In a riff on how to create jobs, Clinton made the fairly ordinary point that "if you don't have access to high-speed affordable broadband, which large parts of America do not," large employers will overlook your town. She continued:
If you drive around in some of the places that beat the heck out of me, you cannot get cell coverage for miles. And so, even in towns — so, the president was in Harrisburg. I was in Harrisburg during the campaign, and I met with people afterward. One of the things they said to me is that there are places in central Pennsylvania where we don't have access to affordable high-speed Internet.
Clearly, Clinton was expressing concern for people who are left without reliable cell phone and internet access in an age in which we have become dependent on these things.

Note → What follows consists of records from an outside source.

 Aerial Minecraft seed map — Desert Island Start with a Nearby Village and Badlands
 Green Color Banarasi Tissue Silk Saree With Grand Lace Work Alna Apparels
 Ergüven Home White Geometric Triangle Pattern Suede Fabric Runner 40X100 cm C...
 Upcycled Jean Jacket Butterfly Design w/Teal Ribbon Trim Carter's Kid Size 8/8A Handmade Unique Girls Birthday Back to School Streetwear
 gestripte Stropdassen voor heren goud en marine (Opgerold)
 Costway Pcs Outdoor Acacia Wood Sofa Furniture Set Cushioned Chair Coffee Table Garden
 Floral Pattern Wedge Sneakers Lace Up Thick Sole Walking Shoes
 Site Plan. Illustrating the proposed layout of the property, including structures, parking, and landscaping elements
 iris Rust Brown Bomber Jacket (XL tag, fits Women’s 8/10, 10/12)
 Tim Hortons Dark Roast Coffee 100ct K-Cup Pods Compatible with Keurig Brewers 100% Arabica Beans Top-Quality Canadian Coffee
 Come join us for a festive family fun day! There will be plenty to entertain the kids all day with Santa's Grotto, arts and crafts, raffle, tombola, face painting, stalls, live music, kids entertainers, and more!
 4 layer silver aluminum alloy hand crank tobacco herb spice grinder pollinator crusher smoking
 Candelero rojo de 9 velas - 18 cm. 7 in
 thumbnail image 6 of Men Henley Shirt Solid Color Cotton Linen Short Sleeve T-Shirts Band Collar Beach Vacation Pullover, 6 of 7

But, as Weigel details, members of the political press selectively quoted it to make it appear as though Clinton was an out-of-touch elite complaining that she couldn't get cell service in places that didn't vote for her.


See how that works? And then other members of the press ran with that framing, and, soon, the established narrative was that Clinton was blaming lack of cell phone coverage for losing the election.

When what she had actually been doing was expressing compassion for people in those areas and amplifying their concerns.

This is emblematic of a pattern we saw over and over throughout the election. It is one example, but it is representative of countless iterations of this dynamic.

It is infuriating—and it is a heartbreaking illustration of how media plays a major role in denying people help they need.


I want to stress this point: The problem is not that many members of the political press hate Hillary Clinton. It's that they allowed that hatred to doom people across this nation.

It's not great when members of the media who are tasked with accurately reporting on candidates observably hate one of the candidates. But the issue was not the hatred itself: It was people who hated her giving themselves permission to abandon any and all pretense of accuracy and fairness.

And then justifying it on the basis that she was "objectively unlikeable." (Unlike the entertaining Donald Trump, of course.)

One of the primary criticisms of Trump's presidency so far is that he continually prioritizes his own bigotry over what's best for the country. That is a good criticism. It deserves to be made over and over.

I have even seen some members of the political press effectively make that point.

And yet. Some of the same people who can make that point about Trump exhibit precisely the same prioritization of their own bigotry, their misogyny, over what's best for the country, when it comes to Hillary Clinton.

Perhaps it's no wonder that they had a preference for him. They are more like him than they would prefer to believe.